Item 5.02 Departure of Directors or Certain Officers; Election of Directors; Appointment of Certain Officers; Compensatory Arrangements of Certain Officers.
(c) Appointment of President
     Effective February 15, 2008, Kevin J. Thimjon was promoted to President of the Company. Mr. Thimjon will maintain his other position of Chief Financial Officer with the Company.
     Mr. Thimjon, who is 41 years of age has served as the Company’s Chief Financial Officer since January 8, 2007. Previously, Mr. Thimjon served from 2004 as Division Chief Financial Officer, Systems Integration for Stanley Security Solutions, Inc., a division of The Stanley Works, an S&P 500 company. From 2002 until 2004, Mr. Thimjon served in various finance leadership roles for ISR Solutions, Inc., an integrator of sophisticated physical security solutions. Prior to that, from 1995 until 2001, Mr. Thimjon served in various finance leadership roles for U.S. Office Products Company, a multi-national supplier of office products and business services. Mr. Thimjon received his Bachelor of Arts in Accounting from Concordia College in 1988. Mr. Thimjon is a certified public accountant. Mr. Thimjon has no family relationships with any other director or executive officer of the Company. There are no transactions in which Mr. Thimjon has an interest requiring disclosure under Item 404(a) of Regulation S-K.
     The material provisions of the terms of Mr. Thimjon’s employment are presented in the Employment Letter dated January 5, 2007 (the “Employment Letter”), between the Company and Mr. Thimjon, which was filed as an exhibit to the Company’s Current Report on Form 8-K dated January 5, 2007 and incorporated by reference herein.
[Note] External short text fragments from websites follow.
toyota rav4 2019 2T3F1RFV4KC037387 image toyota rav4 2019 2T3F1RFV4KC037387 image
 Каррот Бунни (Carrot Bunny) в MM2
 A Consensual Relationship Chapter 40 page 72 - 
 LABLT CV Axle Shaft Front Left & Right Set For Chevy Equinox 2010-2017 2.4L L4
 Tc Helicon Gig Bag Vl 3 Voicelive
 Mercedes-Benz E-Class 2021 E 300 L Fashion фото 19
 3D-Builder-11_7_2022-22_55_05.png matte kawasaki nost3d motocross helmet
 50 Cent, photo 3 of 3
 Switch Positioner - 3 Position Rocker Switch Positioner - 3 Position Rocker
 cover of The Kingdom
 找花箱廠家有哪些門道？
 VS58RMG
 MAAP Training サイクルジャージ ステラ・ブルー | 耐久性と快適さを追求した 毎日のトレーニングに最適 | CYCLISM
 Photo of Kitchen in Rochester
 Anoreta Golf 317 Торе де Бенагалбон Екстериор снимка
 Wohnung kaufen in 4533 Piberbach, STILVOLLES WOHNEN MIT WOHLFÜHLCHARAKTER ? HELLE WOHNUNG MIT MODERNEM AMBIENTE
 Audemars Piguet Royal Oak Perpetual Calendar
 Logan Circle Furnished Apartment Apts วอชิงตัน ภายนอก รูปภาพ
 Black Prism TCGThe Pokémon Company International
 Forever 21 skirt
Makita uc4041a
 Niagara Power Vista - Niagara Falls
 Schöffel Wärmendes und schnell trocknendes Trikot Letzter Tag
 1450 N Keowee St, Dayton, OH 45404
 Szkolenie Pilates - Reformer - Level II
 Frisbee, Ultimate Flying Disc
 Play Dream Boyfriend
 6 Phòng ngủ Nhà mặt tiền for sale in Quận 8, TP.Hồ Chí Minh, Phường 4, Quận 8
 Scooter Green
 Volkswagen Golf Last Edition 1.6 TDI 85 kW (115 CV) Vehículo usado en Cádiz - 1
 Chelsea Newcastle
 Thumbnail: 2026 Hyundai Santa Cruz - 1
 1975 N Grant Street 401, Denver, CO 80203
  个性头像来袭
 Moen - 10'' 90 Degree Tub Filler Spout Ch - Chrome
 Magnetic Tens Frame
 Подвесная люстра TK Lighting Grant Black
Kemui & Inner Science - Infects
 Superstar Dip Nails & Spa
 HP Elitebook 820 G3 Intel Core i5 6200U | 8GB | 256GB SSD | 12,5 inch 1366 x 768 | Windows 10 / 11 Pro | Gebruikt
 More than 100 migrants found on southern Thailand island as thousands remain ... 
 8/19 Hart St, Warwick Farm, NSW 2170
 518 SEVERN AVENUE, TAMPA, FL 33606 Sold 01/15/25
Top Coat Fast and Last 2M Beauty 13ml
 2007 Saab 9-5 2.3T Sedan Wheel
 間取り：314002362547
Effective as of February 15, 2008, Mr. Thimjon and the Company entered into an amendment to the Employment Letter (the “Amendment”) to reflect Mr. Thimjon’s promotion to President and to increase Mr. Thimjon’s base annual salary to $275,000. No other terms or provisions of the Employment Letter were amended. A copy of the Amendment is filed herewith as Exhibit 10.2 and incorporated herein by reference.

 


Table of Contents

Item 8.01 Other Events
     On February 15, 2008, the Company issued a press release announcing the entry into the Purchase Agreement and the promotion of Mr. Thimjon to President. A copy of the press release is attached as Exhibit 99.1 to this Current Report on Form 8-K and is incorporated by reference herein.
Item 9.01 Financial Statements and Exhibits.
  (d)   Exhibits.
      10.1- Asset Purchase Agreement dated February 14, 2008 between the Company and SkyGuard, LLC.
 
      10.2- First Amendment to Employment Letter effective February 15, 2008 between the Company and Kevin Thimjon.
 
      99.1- February 15, 2008 Press Release by the Company.

 


Table of Contents

SIGNATURES
     Pursuant to the requirements of the Securities Exchange Act of 1934, the registrant has duly caused this report to be signed on its behalf by the undersigned, hereunto duly authorized.
         
  BELL INDUSTRIES, INC.
 
 
Date: February 20, 2008  By:   /s/ Kevin J. Thimjon    
  Name:   Kevin J. Thimjon   
  Title:   President and Chief Financial Officer   

 


Table of Contents

         
EXHIBIT INDEX
         
Exhibit Number   Description
       
 
  10.1    
Asset Purchase Agreement dated February 14, 2008 between the Company and SkyGuard, LLC.
       
 
  10.2    
First Amendment to Employment Letter effective February 15, 2008 between the Company and Kevin Thimjon.
       
 
  99.1    
February 15, 2008 Press Release by the Company.